A auto-ficção de Chico Buarque e Rita Lee
Fenômeno da literatura contemporânea chega aos escritos da música popular brasileira
Olá, tudo bem?
Nos últimos dias, chegaram dois livros pelos quais eu estava muito ansioso: Bambino a Roma, de Chico Buarque, e O mito do mito, de Rita Lee. Comprei na pré-venda há meses, mal chegaram e eu já os devorei no mesmo dia. Além da coincidência de datas de lançamento, há outra mais importante: ambos se auto-intitulam “ficção”, mas são auto-ficções, seguindo o gênero que é um dos principais fenômenos da literatura contemporânea a nível mundial - e tenho cá eu meus dois dedos de prosa para compartilhar com vocês.
Falemos, primeiramente, de Chico Buarque.
Um dos medalhões da música popular brasileira, Chico não se contentou apenas com o ofício de ser um excelente músico-compositor e, para a nossa alegria, nos presenteou com vários livros de Literatura com “L” maiúsculo, como Estorvo, Leite derramado e O irmão alemão. Agora, após ter lançado um livro de contos, Anos de chumbo (2021), ele lança Bambino a Roma.
Há uma frase da poeta Louise Glück que diz: “Nós olhamos para o mundo uma vez, quando crianças. O resto é memória”. Sem se refugiar em um pseudônimo, tampouco esconder o contexto sócio-político-econômico que levou sua família a Roma, Chico Buarque narra parte da sua infância, quando passou dois anos em Roma acompanhando a família.
Entre os fios da memória que por vezes o enganam e o que ele preenche com a sua inventividade, ele faz um relato afetivo que percorre os caminhos da sua primeva formação, como os traçados tortuosos de Roma que o levaram às suas primeiras paixões. É um relato rico de palavras e sabores que só Chico pode nos dar.
Por sua vez, O mito do mito, livro de Rita Lee escrito há tempos mas só lançado post-mortem a pedido da própria artista, caminha pelo humor que sempre lhe foi típico.

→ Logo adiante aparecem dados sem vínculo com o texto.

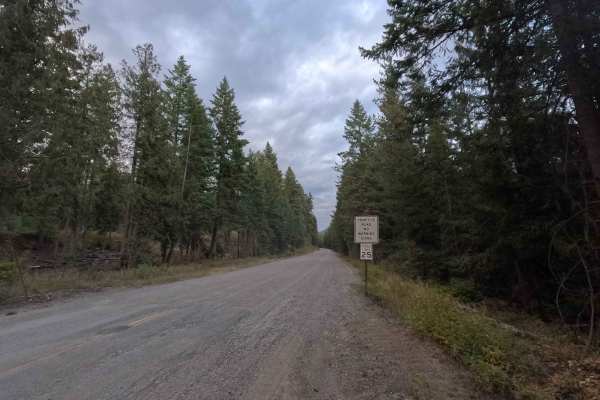 Kings Lake Road - FS 50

O enredo se passa em apenas um tempo-espaço: um consultório sombrio em que estão a cantora atormentada, o médico-louco e a irmã da cantora que acompanha no ponto eletrônico a consulta que vara a madrugada. (Essa estrutura, aliás, tem tudo para virar peça de teatro - e das boas!).
No diálogo que se estabelece, a personagem principal compartilha lembranças e reflexões sobre a vida de artista e de fã. Se são verdadeiros ou não os casos e os causos, talvez isso não tenha tanta importância. Porém, para quem leu sua auto-biografia, os relatos têm um fundo de verdade, pois há paralelos e recorrências em ambas as obras, mesmo que na ficção por vezes eles surjam de maneira cifrada.
No início do livro, há um reforço da autora/cantora: é tudo ficção. Mas sabemos que ali temos Rita Lee na sua melhor forma, usando da capa da ficção para livremente falar sobre assuntos que poderiam lhe render processos ou mal-entendidos, sempre com a benção do humor para desafrouxar a seriedade. Assim outrora Rita Lee dobrou a censura da ditadura, assim dribla a hipocrisia que poderia cercear seu pensamento livre.
Enquanto na literatura, o gênero da auto-ficção, que tem grandes obras-primas como os livros de Annie Ernaux e Édouard Louis, começa a dar sinais de desgaste, pelo excesso de realidade e de crença narcísica de que a experiência pessoal é o que há de mais importante, Rita Lee e Chico Buarque usam da ficção para navegar pela linha tênue entre a verdade sobre si e a fabulação, como quem nos pergunta: quem não há de concordar que a verdade também não tem seu status de fábula? E que toda lenda é pura verdade? Música é feitiço.